My previous post explained why rational people can prefer like-minded information sources. This preference leads media outlets to compete by targeting biased audiences. Such targeting can take (at least) two forms:

  1. presenting content in a way some people like and others don’t;
  2. only sharing content that some people like and others don’t.

Haghtalab et al. (2021) study the second form. They consider a pair of Bayesian agents called Sender (he) and Receiver (she). Both agents take actions (e.g., get vaccinated) based on their beliefs about an unknown state (e.g., whether vaccines are effective) and their “moral stance.” Sender observes some noisy signals about the state before taking his action. He sends one of those signals to Receiver before she takes her action. Sender’s “communication scheme” determines which signal he sends. He chooses this scheme knowing his and Receiver’s moral stances, but before observing any signals.

Sender wants Receiver to take the same action as him. He chooses the scheme that minimizes the mean distance (across signal realizations) between his and Receiver’s actions. This distance has three components:

  1. A “signalling loss” from sending one signal rather than many;
  2. A “persuasion temptation” from wanting Receiver to take the same action;
  3. An unavoidable loss from differences in moral stances.

If Receiver knows the communication scheme then Sender just minimizes the signalling loss. This is because Receiver can “undo” any bias in the scheme, so persuasion is impossible. But if Receiver doesn’t know the scheme then Sender trades off the signalling loss and the persuasion temptation. This makes both agents worse off because the signal sent is less informative.
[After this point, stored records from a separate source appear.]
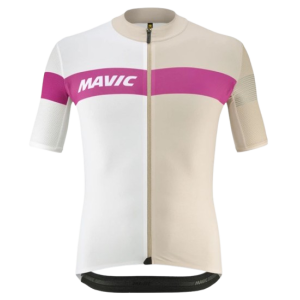 Maillot Route Manches Courtes Mavic Ksyrium Pro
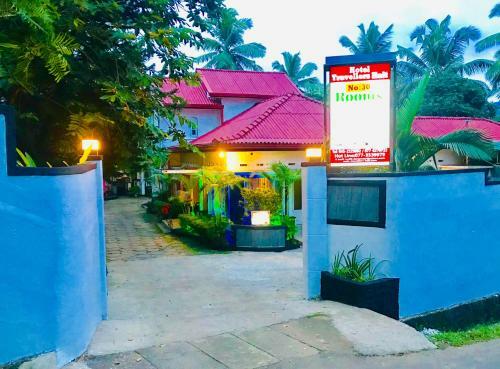Hostal Travellers Halt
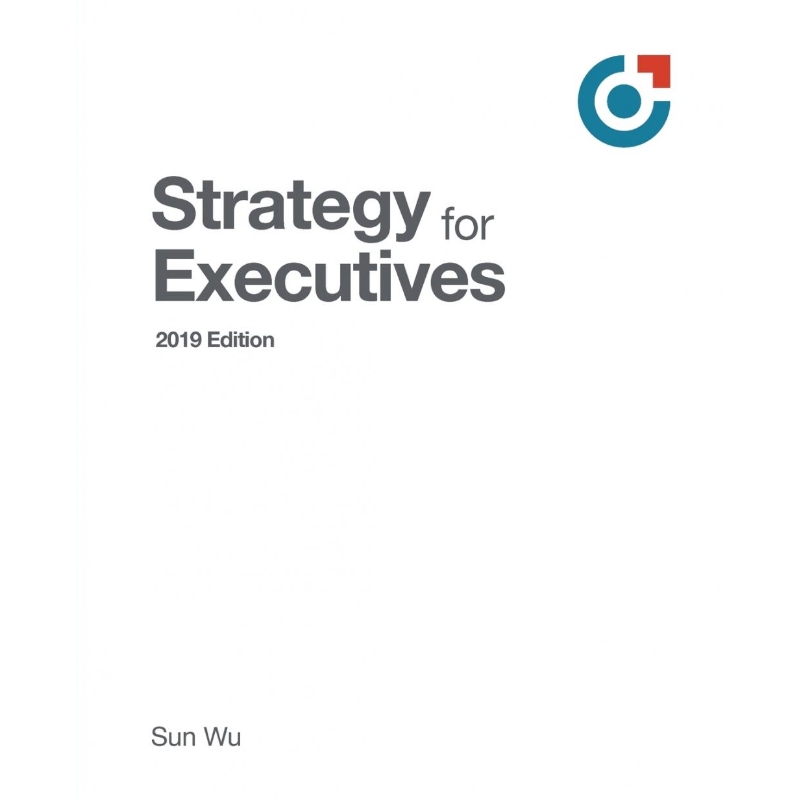 按需印刷Strategy for Executives[9781733795807]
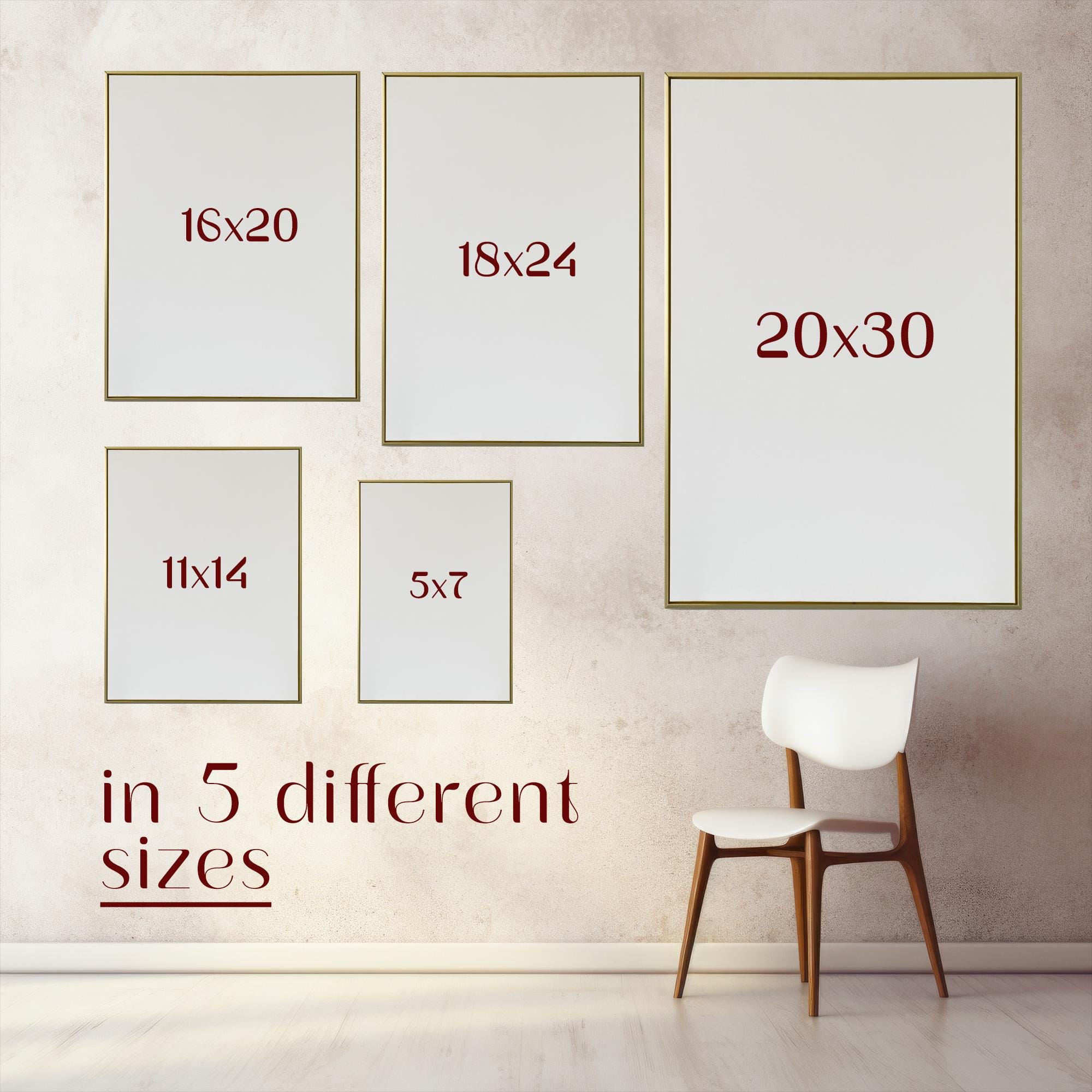 Princess Nursery Wall Art Set of 3, Baby Girl Room Decor, Soft Pink ...
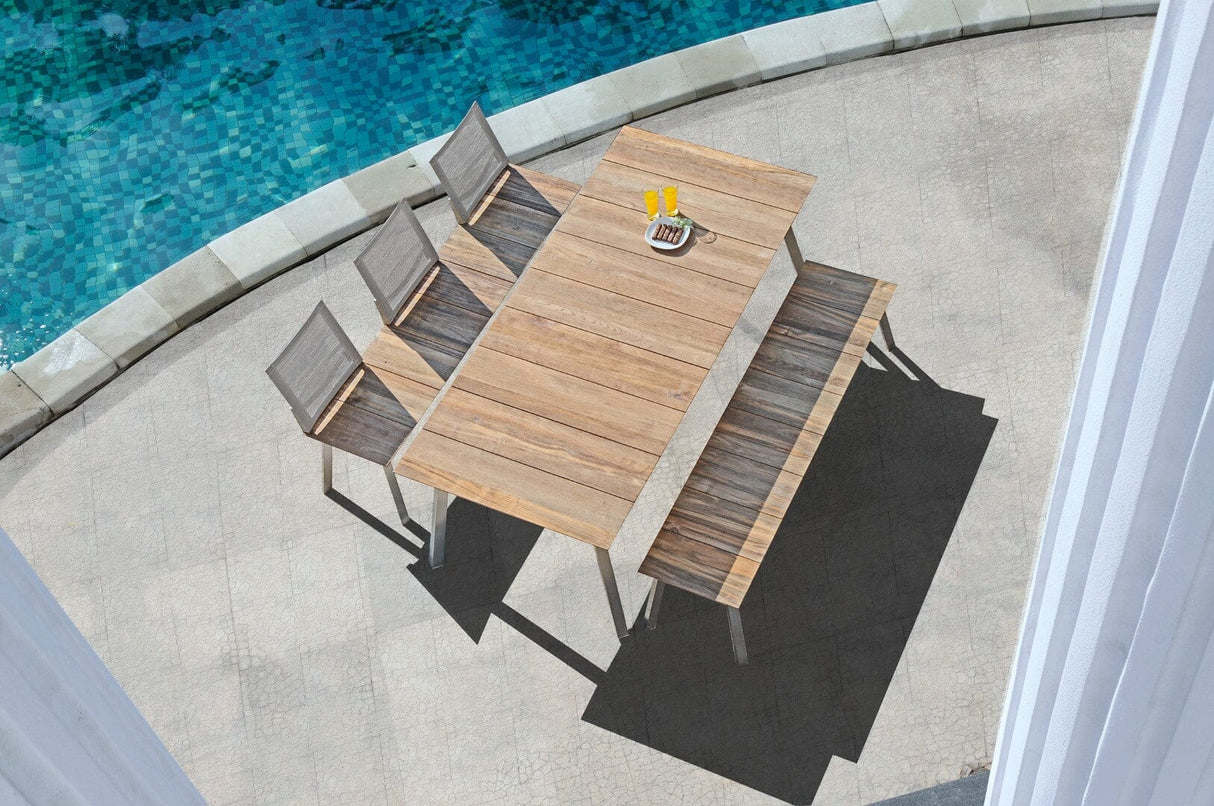 Zebra Linax Banc 162cm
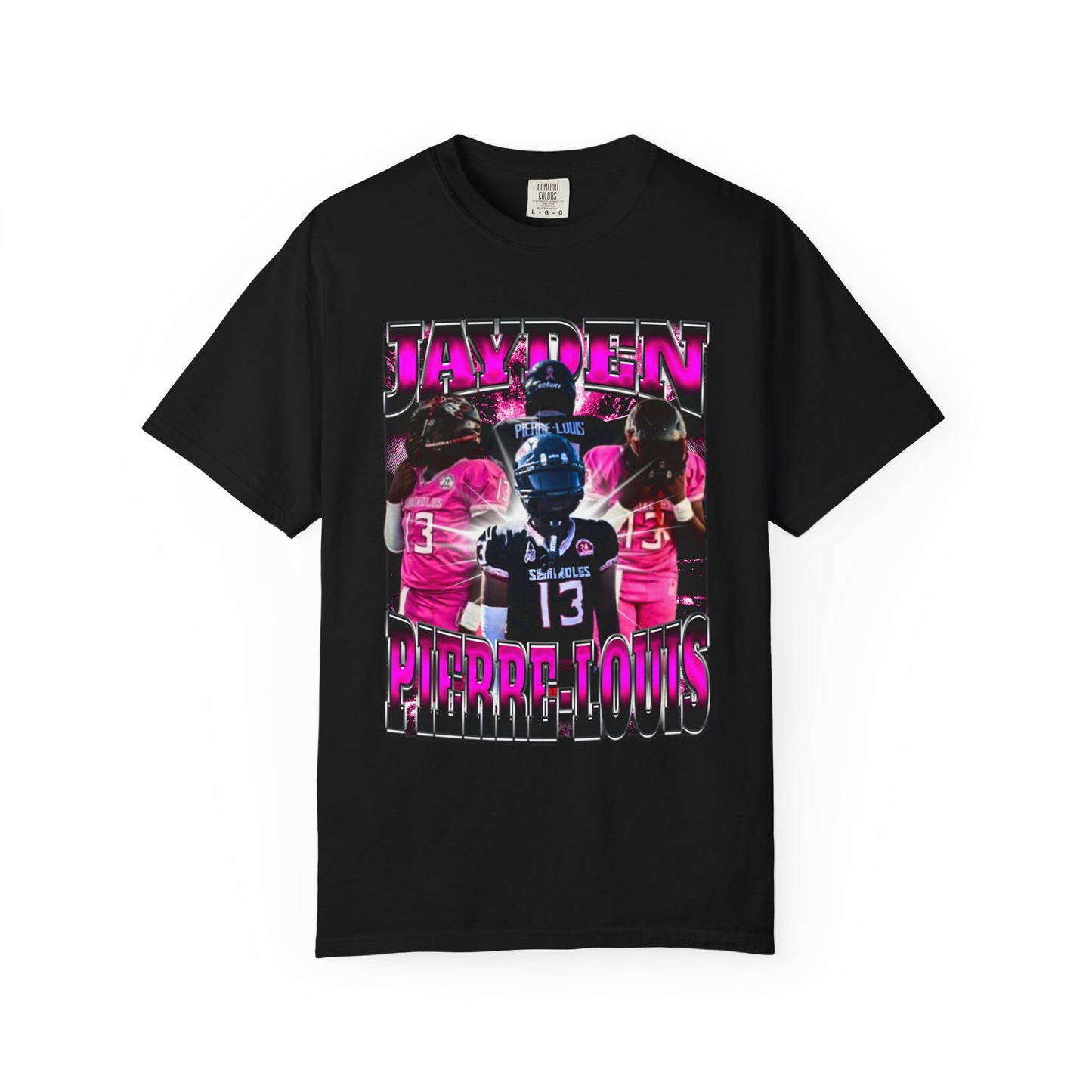 Jayden Pierre-louis Heavyweight Premium Tee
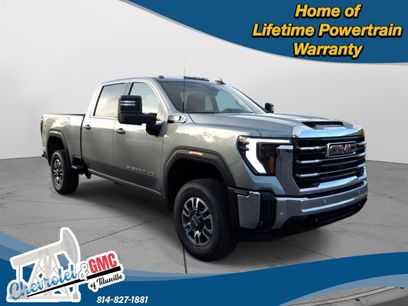 New 2026 GMC Sierra 2500 SLE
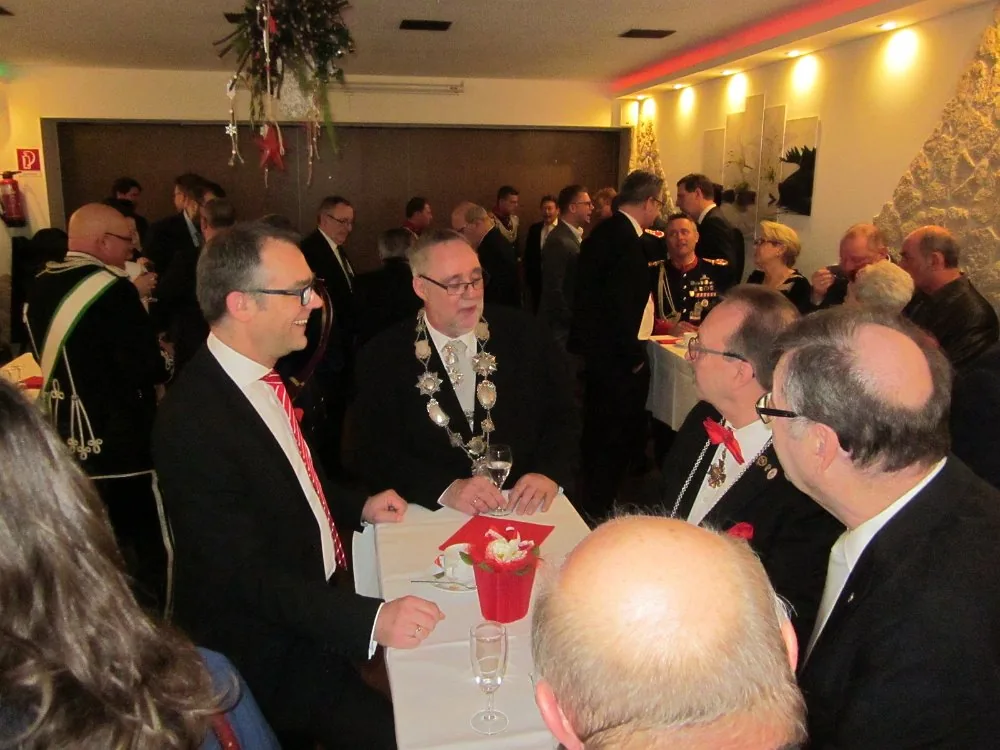 Neujahrsempfang 2019 – Foto 18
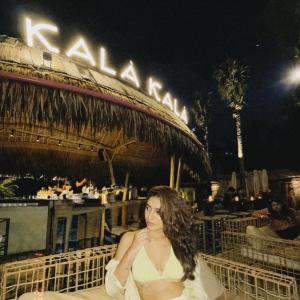 Actress Priya Prakash Warrier’s Beachside Style Inspiration: Bold Summer Glam Look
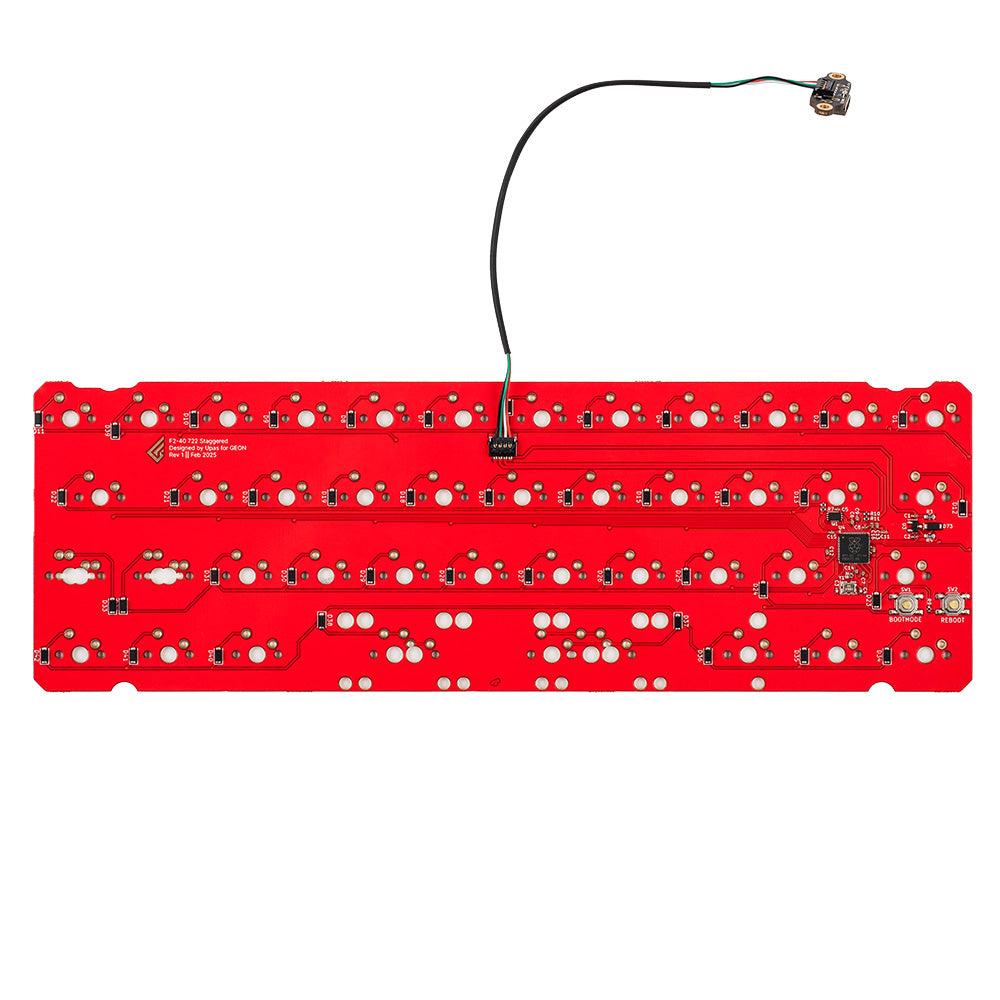 [Group Buy] Add-ons PCB/PLATE for F1-40 722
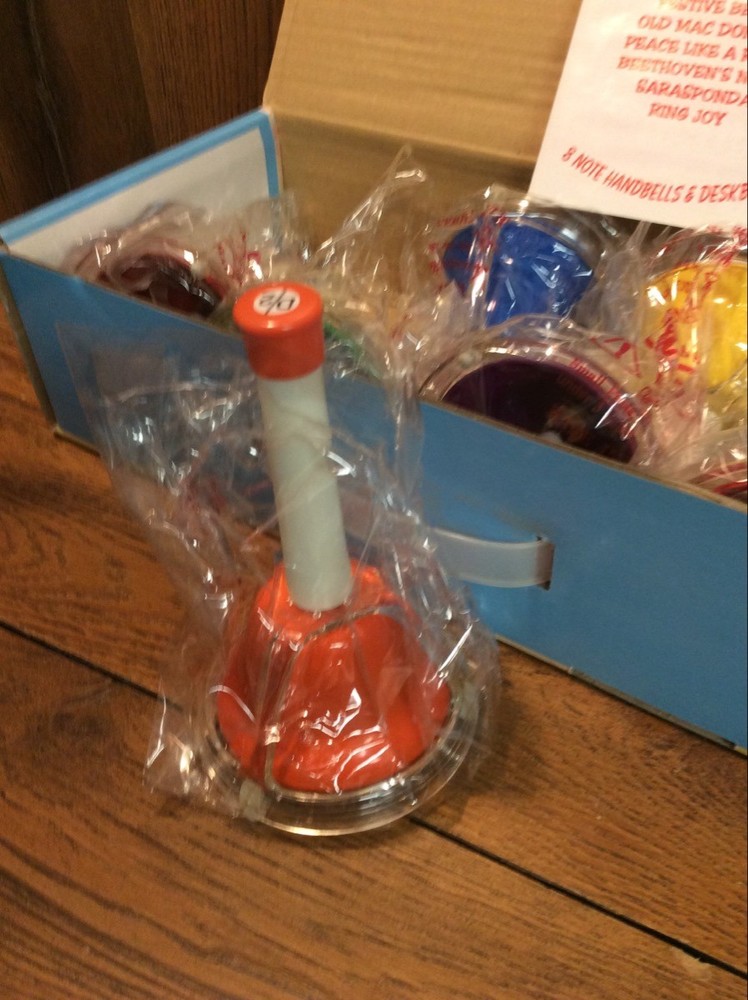 COMBINED HANDBELLS (PSC016984)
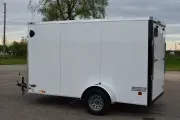 new Cargo (Enclosed) Trailers Haulmark  for sale, in Schoolcraft, MI Thumbnail 16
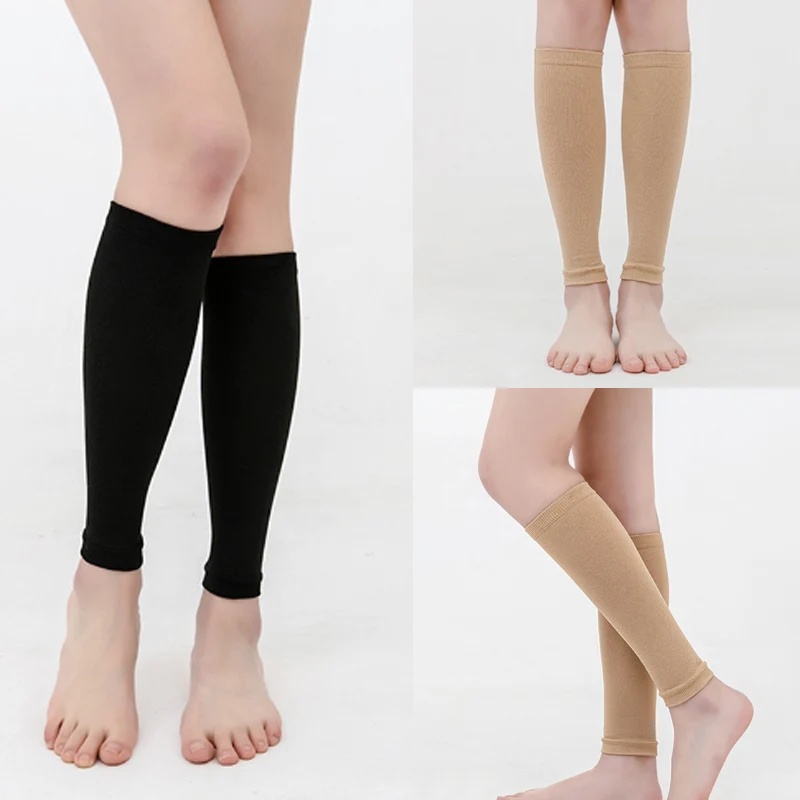 Footless Calf Compression Slee - đánh giá và giá Compression Sock Medical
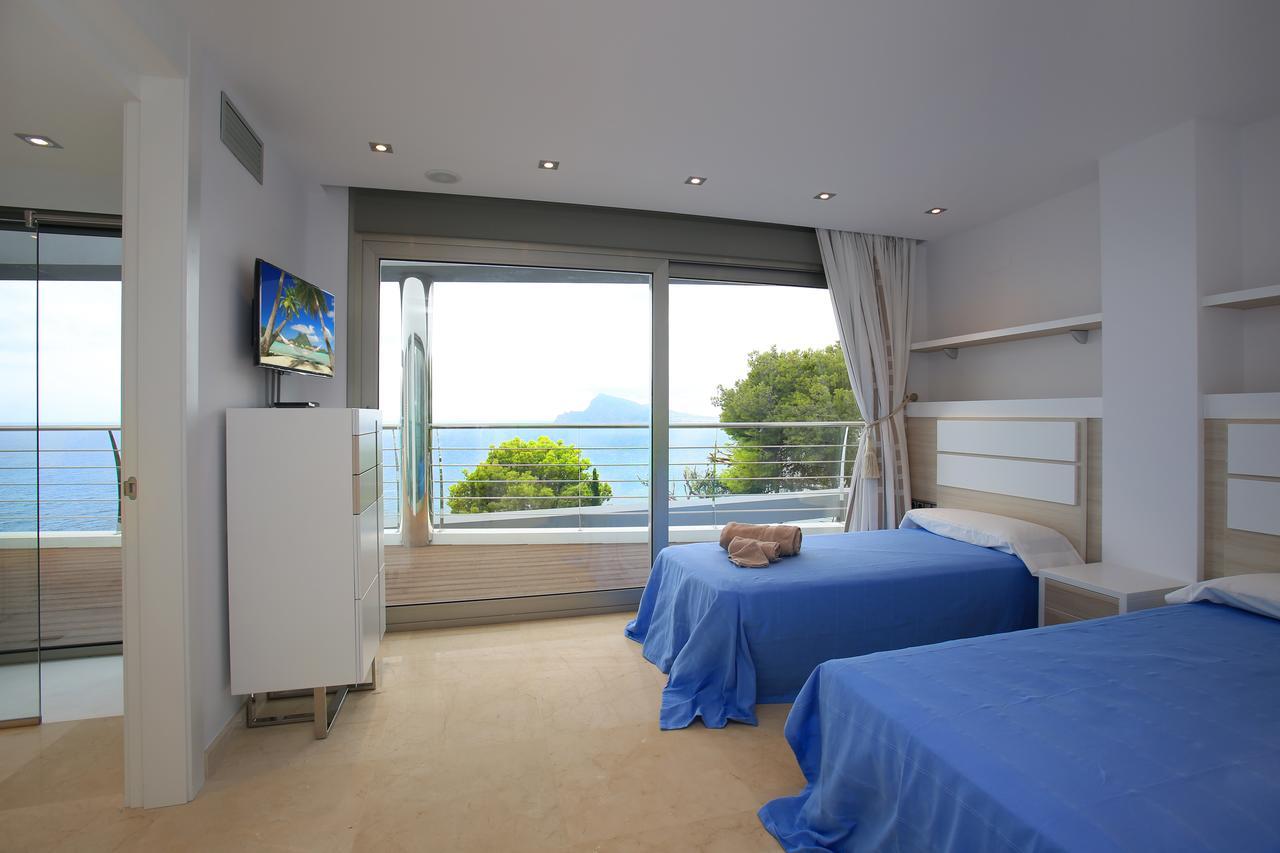 Villamargreenwich Altea Bagian luar foto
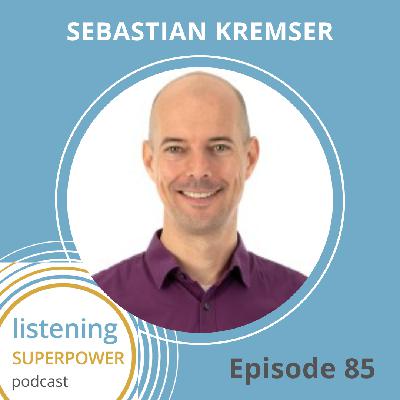 The Magic of Empathy and Non-Judgement in Creating Safe Spaces with Sebastian Kremser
Suppose the signal distribution is “well-behaved” (e.g., single-peaked) and Receiver knows the communication scheme. If Sender observes enough signals then he always prefers unbiased schemes. Intuitively, Sender wants to send all the signals he observes but can only send one. He sends the “most representative” signal: the one closest to the mean. But this logic breaks down when Sender observes too few signals. In that case, the mean signal is noisy and extreme signals can be more informative. This can make Receiver prefer biased schemes.

Now suppose Receiver doesn’t know the communication scheme. Then Sender chooses more biased schemes when he observes more signals. He does so because of his persuasion temptation. Again, this makes both agents worse off. So Receiver prefers when Sender shares her moral stance because then their incentives are aligned.

This preference for like-mindedness also depends on the number and distribution of signals Sender observes. For example, suppose Receiver chooses between

  1. an expert with many signals but a different moral stance, and
  2. a layperson with one signal but the same moral stance.

Receiver prefers the layperson when the signal distribution is thick-tailed. This is because the expert observes more signals “in the tail,” so they send a more extreme (and, thus, less informative) signal due to their persuasion temptation.

It may seem restrictive that Sender shares a raw signal rather than, say, his posterior estimate of the state. But such sharing reflects how real people talk to each other. Real people don’t trade summary statistics on vaccination outcomes. Instead, they trade anecdotes like “I felt tired and achy after my booster shot.” News outlets do the same: they typically report on individual events rather than aggregate patterns. (When was the last time you saw a base rate in the news?) These anecdotes in conversation and events in the news correspond to signals in the authors’ model.